Friday, September 24, 2010

David Tepper On CNBC This Morning

CNBC's 6-9am program featured a half-hour segment, ending at 8:30, with David Tepper, founder and head of the $12B+ hedge fund Appaloosa Management. I'm sure it's already a featured clip on the network's website, and will remain in the paid portion for some time.

Tepper said a lot during his half hour as the program's only guest. But there were two comments which, for me, were especially notable.

The first was his nonchalance concerning the bet his hedge fund made on US bank equities and debt in 2009. According to Tepper, Treasury published a white paper declaring, in advance, the bank equities it would purchase, and at what prices. Citing the failure to comply with this document as fraud under SEC rules, Tepper claimed that it was easy to go long in the bank instruments which delivered Appaloosa's reported 100%+ gains for 2009.
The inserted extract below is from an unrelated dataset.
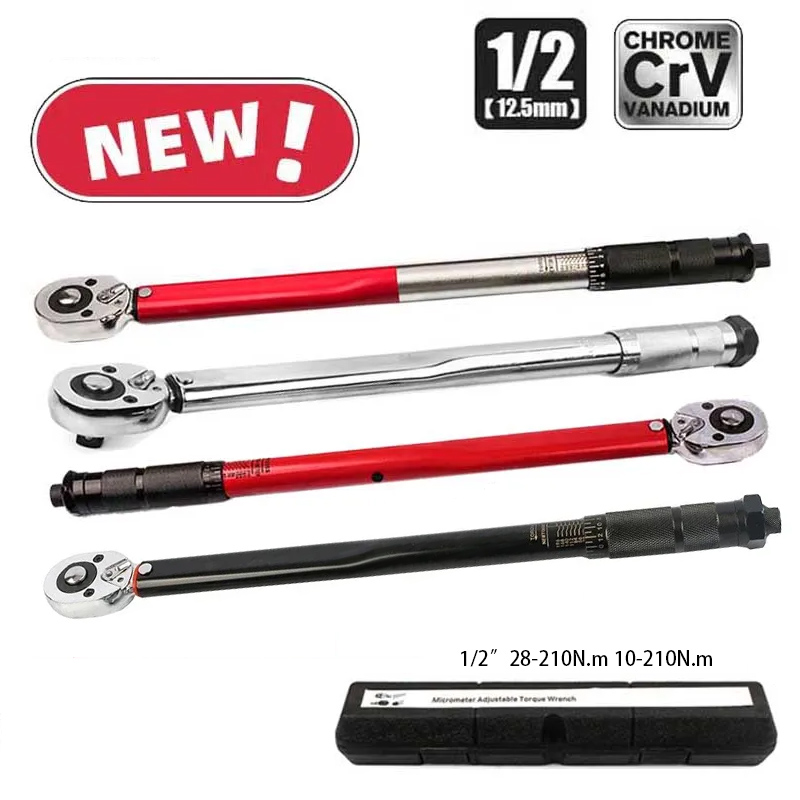 10-210/28-210N.m トルクレンチ 1/2 インチ精密可逆ラチェットトルクキープロフェッショナル自転車オートバイ車自動車ツール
"Sometimes, it's that easy," the 17-year veteran hedge fund manager observed.

Despite questions from Becky Quick and Joe Kernen concerning the changes in federal government actions, versus stated intent, for TARP, and its quixotic behavior two years ago this fall, Tepper remained calmly insistent that Appaloosa's long positions going into 2009 were a simple, riskless move.
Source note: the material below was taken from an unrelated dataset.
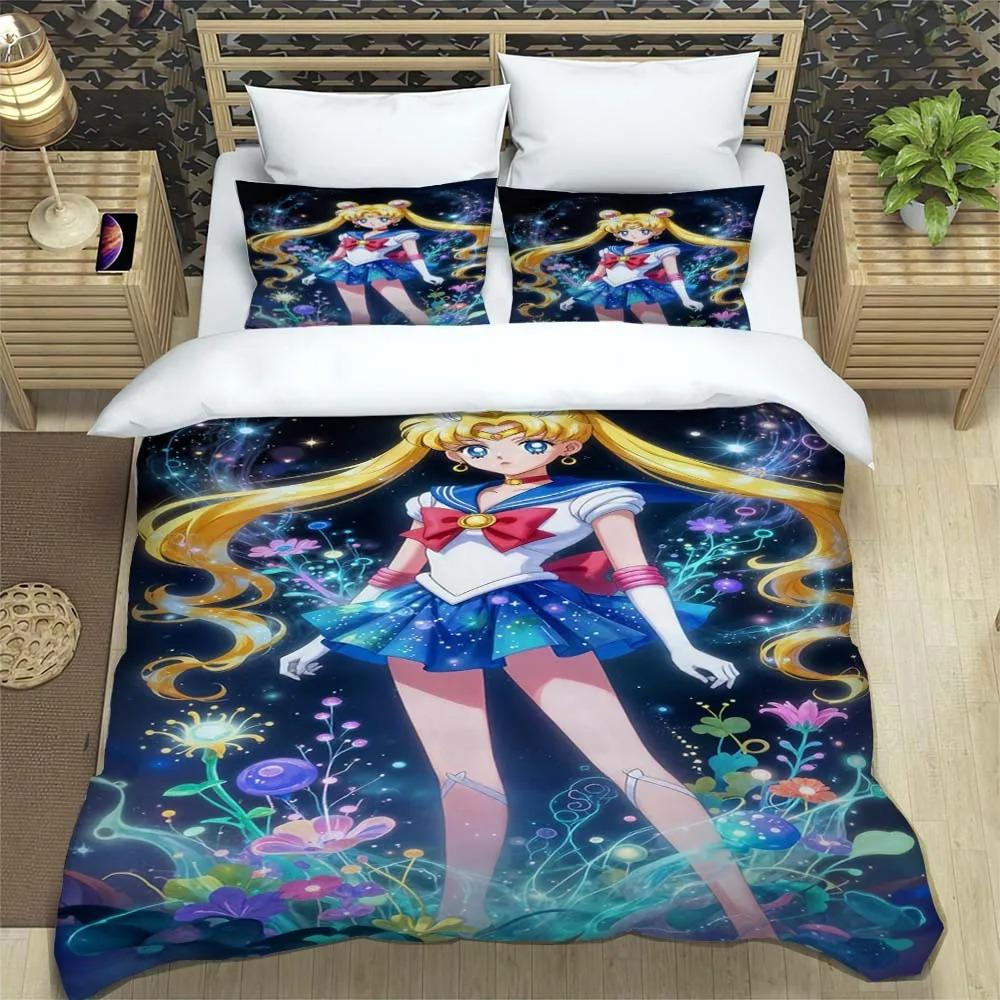 New Kawaii Sailor Moon Duvet Cover Pillowcase Bedding Set Adult Boy Bedroom Decoration Children Gift Single Double Large Size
I can't help believe that Tepper is putting a different face on those risks now then he and his team viewed them two years ago.

For example, the federal government enjoys sovereign immunity from many lawsuits. And it's very unlikely that any administration would allow its SEC head to bring action against its Treasury Secretary or the Fed for failing to act upon a 'white paper.'

I'm sorry, but I just don't buy Tepper's characterization of his funds' positions as essentially riskless and a no brainer in late 2008 and early 2009.

If he'd been wrong, and Treasury had had second thoughts, we'd have read about Appaloosa's horrendous losses. And maybe a feeble attempt to bring suit. Which probably would have brought heat from the SEC to quash the attempt at forcing Treasury to follow through.

The second interesting comment from Tepper arguably began to turn equity market futures this morning. When asked about his views for the rest of the year, Tepper didn't hesitate to say he was longer than usual, and fully expected the Fed to make good on its desire to facilitate US economic growth.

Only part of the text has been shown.